Friday, March 26, 2010

Crazy of Republicans to accuse Democrats of inciting political violence? Crazy like a Fox.

What's going on? Why is Minority Whip Eric Cantor accusing Democrats of fomenting political violence, when the real incendiary rhetoric lately has been coming from Tea Party activists and their Republican allies? It's not just a childish finger-pointing lie. It's classic disinformation. Billmon clarifies the difference (via Tom Bozzo).
The difference between disinformation and just plain lying is in the scope of the enterprise: A lie is intended to conceal a specific truth (e.g. "I did not have sex with that woman"). Disinformation, on the other hand, is aimed at constructing an entire alternative reality -- one in which the truth can find no foothold because it conflicts just not with a specific falsehood, but with the entire fabric of the false reality that has been created. It puts the "big" in big lie, in other words.
Billmon deconstructs the technique and points out that it's been pretty effective in muddying the media waters.
The idea is to string those phrases together in such a way as to verbally associate the Democrats with the very same conduct the Republicans are actually guilty of (i.e. incitement) without ever making the accusation directly.

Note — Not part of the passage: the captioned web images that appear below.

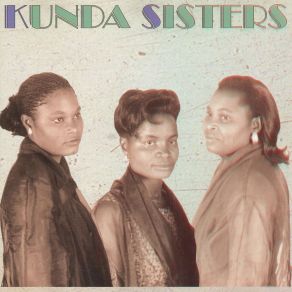 Download track Nakutani Na Yesu Kunda Sisters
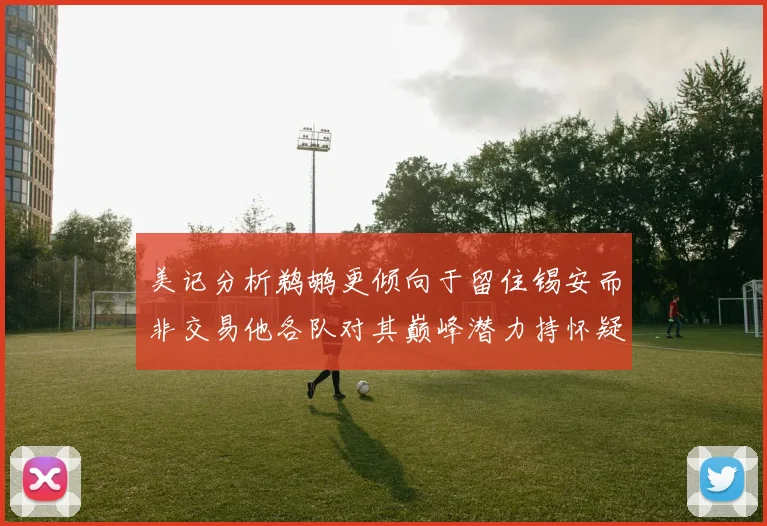 美记分析鹈鹕更倾向于留住锡安而非交易他各队对其巅峰潜力持怀疑态度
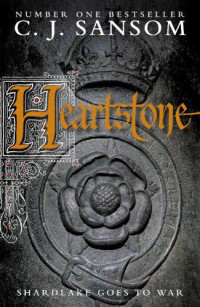 Sansom, C J — Heartstone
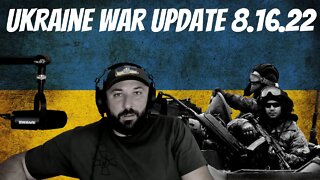 Ukraine War Update 8-16-22 - Wat in Ukraine News Hosted By Roman Prokopchuk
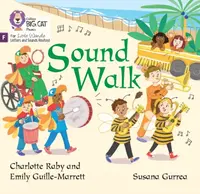 Sound Walk - Charlotte Raby, Emily Guille-Marrett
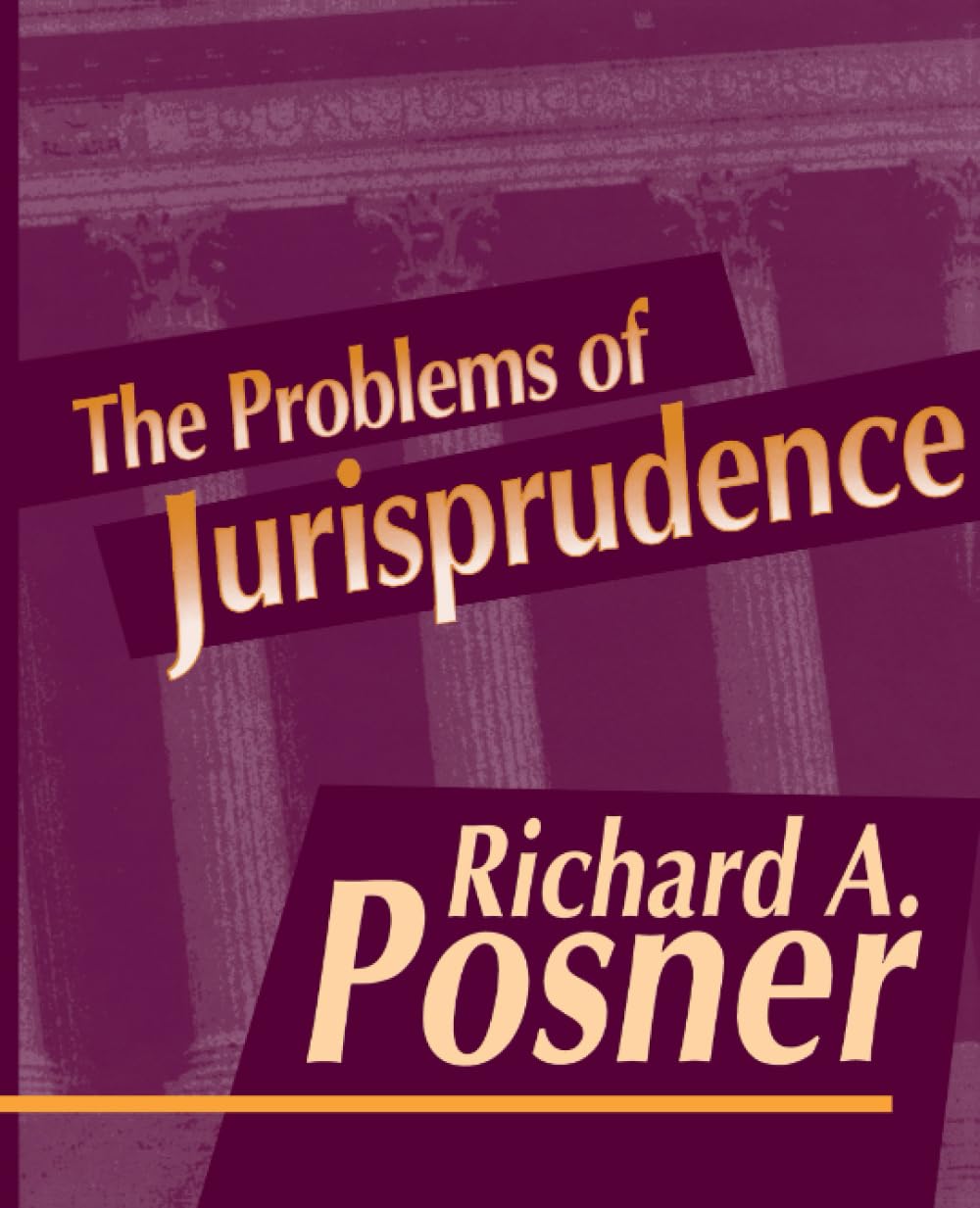 The Problems of Jurisprudence by Richard A Posner PAPERBACK 9780674708761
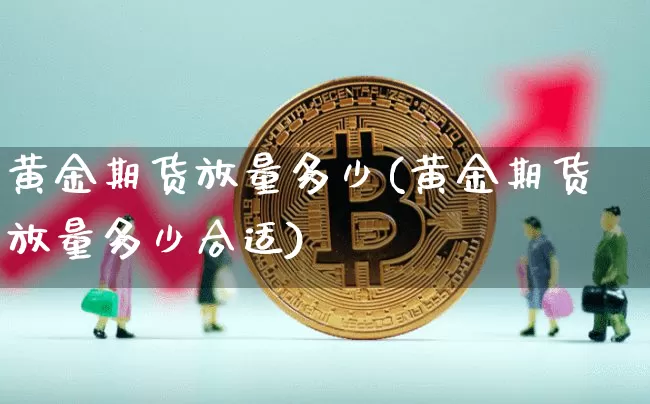 黄金期货放量多少(黄金期货放量多少合适)_纳指期货_第1张_诸葛期货直播室 黄金期货放量多少(黄金期货放量多少合适)_https://m.zghnxxa.com_纳指期货_第1张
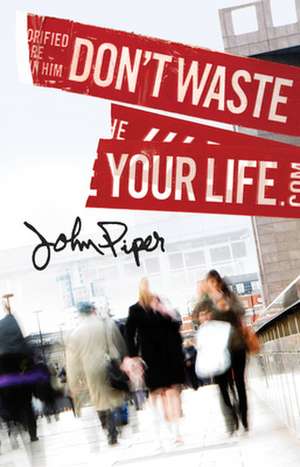 Don`t Waste Your Life (Pack of 25) de John Piper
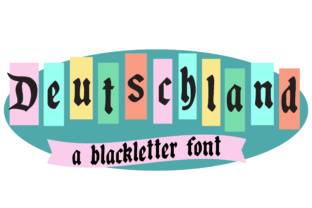 Deutschland: A Blackletter Font for Editorial Impact
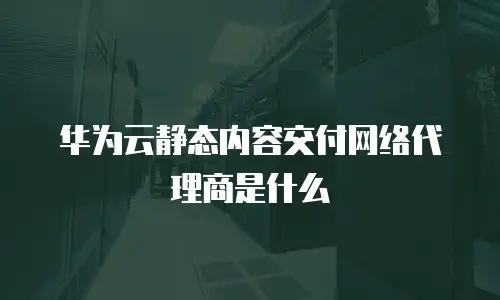 华为云静态内容交付网络代理商是什么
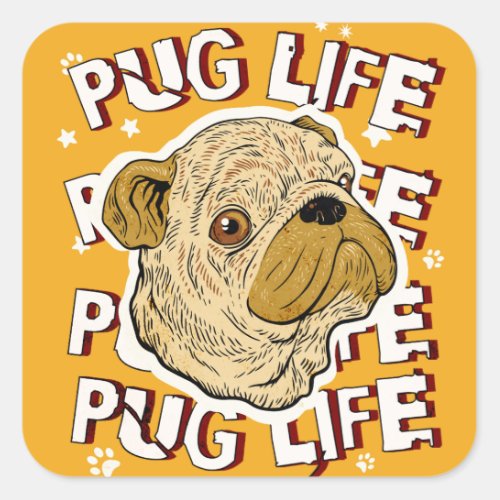 Pug Life Animal Dog Square Sticker
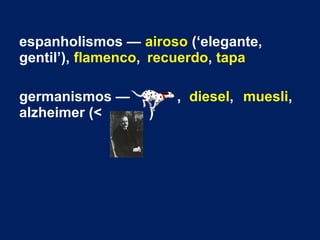 espanholismos — airoso (‘elegante,
gentil’), flamenco, recuerdo, tapa
germanismos — , diesel, muesli,
alzheimer (< )
 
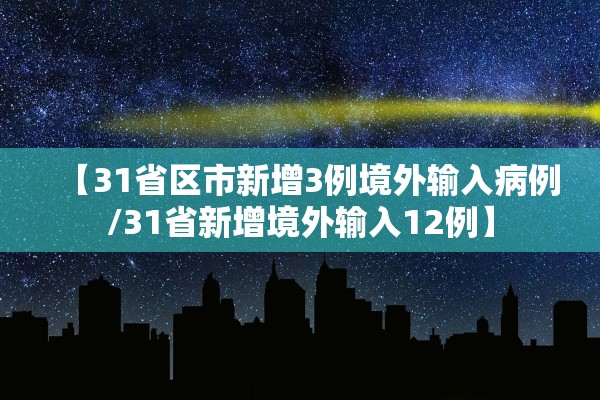 【31省区市新增3例境外输入病例/31省新增境外输入12例】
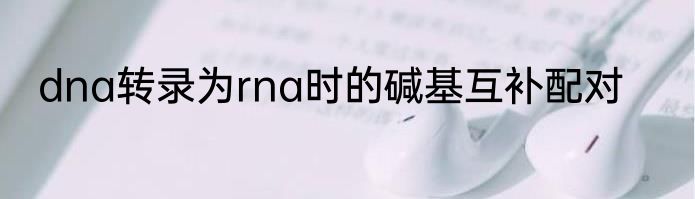 dna转录为rna时的碱基互补配对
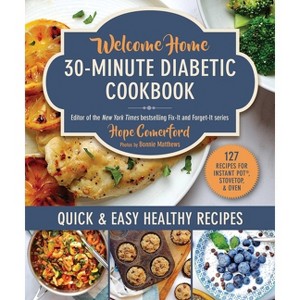 Welcome Home 30-Minute Diabetic Cookbook - by  Hope Comerford (Paperback) - 1 of 1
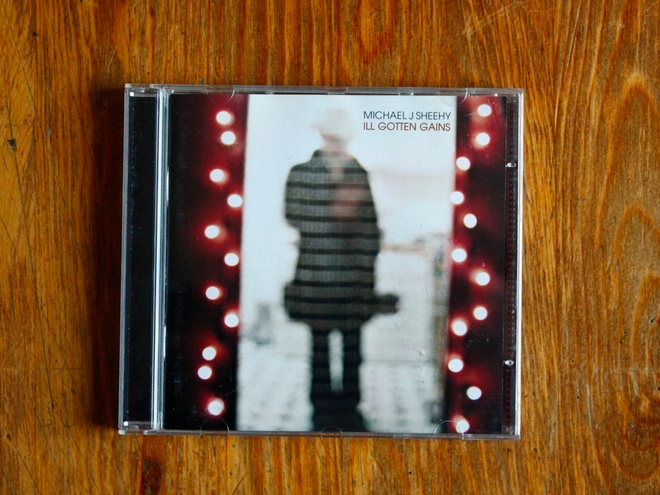 Michael J. Sheehy – Ill Gotten Gains (CD-albumi)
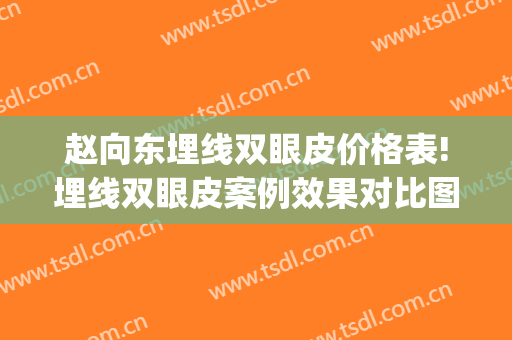 赵向东埋线双眼皮价格表!埋线双眼皮案例效果对比图_宁夏医科大学总医院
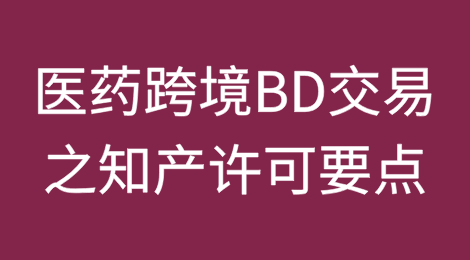 医药跨境BD交易之知产许可要点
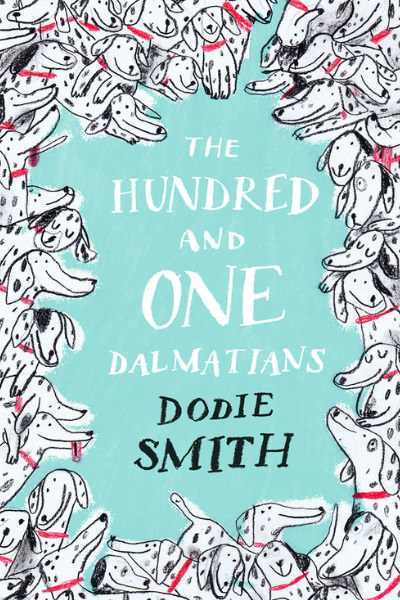 The One Hundred and One Dalmatians by Dodie Smith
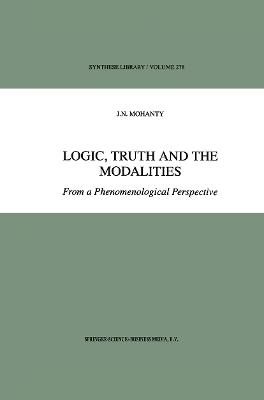 Logic, Truth and the Modalities: From a Phenomenological Perspective - J.N. Mohanty - cover
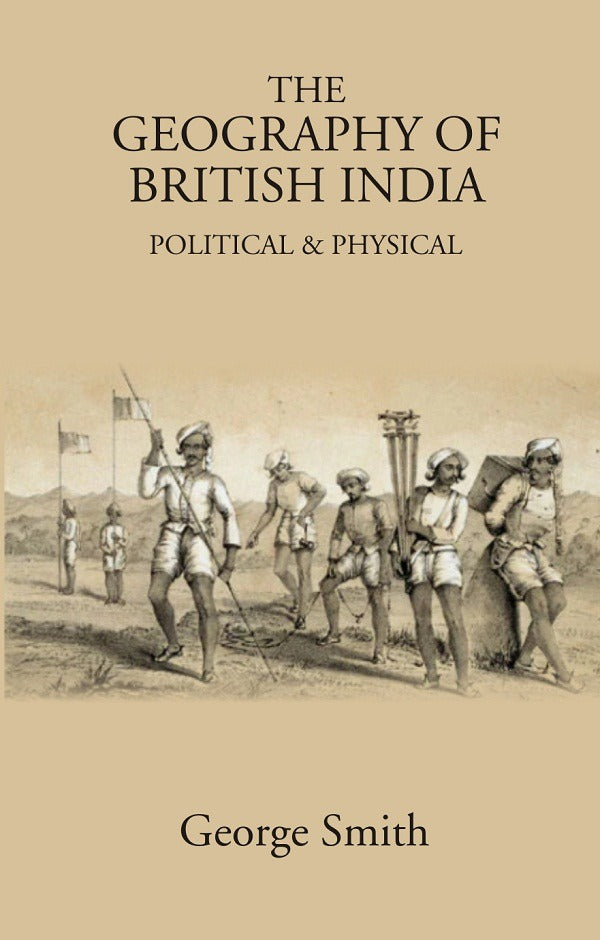 The Geography of British India: Political & Physical - Gyan Books | Grocsy
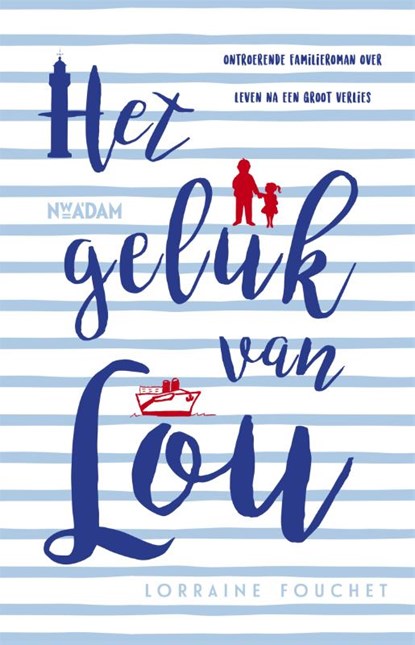 Het geluk van Lou, Lorraine Fouchet - Paperback - 9789046822180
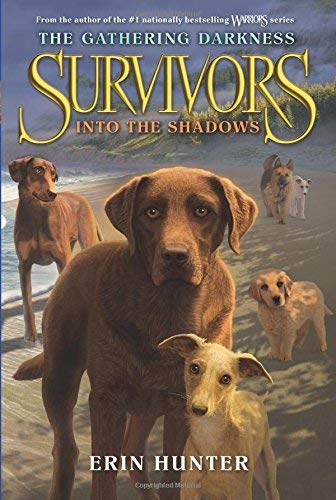 Into the Shadows (Survivors: The Gathering Darkness, Bk. 3)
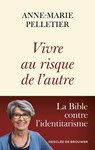 Vivre au risque de l'autre - Anne-Marie Pelletier - 9782220099132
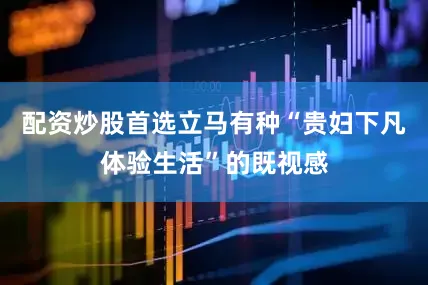 配资炒股首选立马有种“贵妇下凡体验生活”的既视感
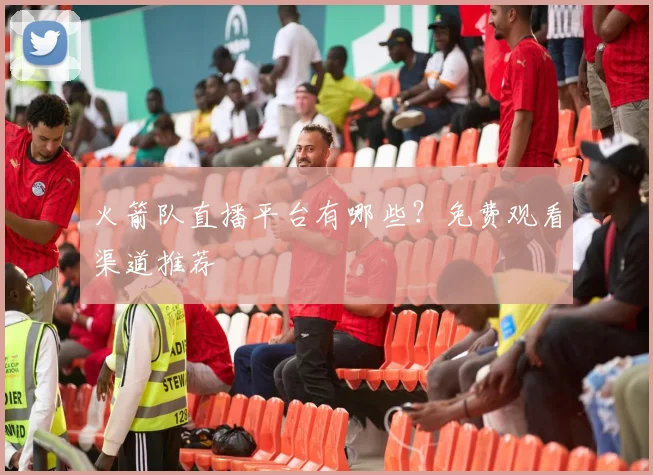 火箭队直播平台有哪些？免费观看渠道推荐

What makes this particular example so cunning are the specific words used. Liberals complain that conservative protestors have worn guns to teabagger rallies, or waved signs warning that if "Brown can’t stop this, a Browning can"? Well, now the Democrats also have been accused of using "weapons." Has the RNC stepped over the line by showing Nancy Pelosi burning in a sea of fire? Well, the Democrats are also "fanning the flames." Did the GOP House members encourage their followers to think of themselves as a revolutionary army by waving "Don’t Tread on Me" signs from the House balcony during the HCR vote? Well, the Democrats are also "ratcheting up the rhetoric."
Straight out of the old Karl Rove playbook. It's crazy, all right -- but crazy like a Fox (double meaning intentional).

Oh, and that bullet that somebody supposedly fired into Cantor's office? It wasn't actually his office, just the same building, and in any case, it wasn't aimed at the building but was a spent round that somebody had fired into the sky and which broke a window in the building on the way down. But the qualifiers got dropped from a lot of stories, and the impression was allowed to linger that somebody -- no doubt incited by the alleged violent Democratic rhetoric -- took a shot at Cantor's office.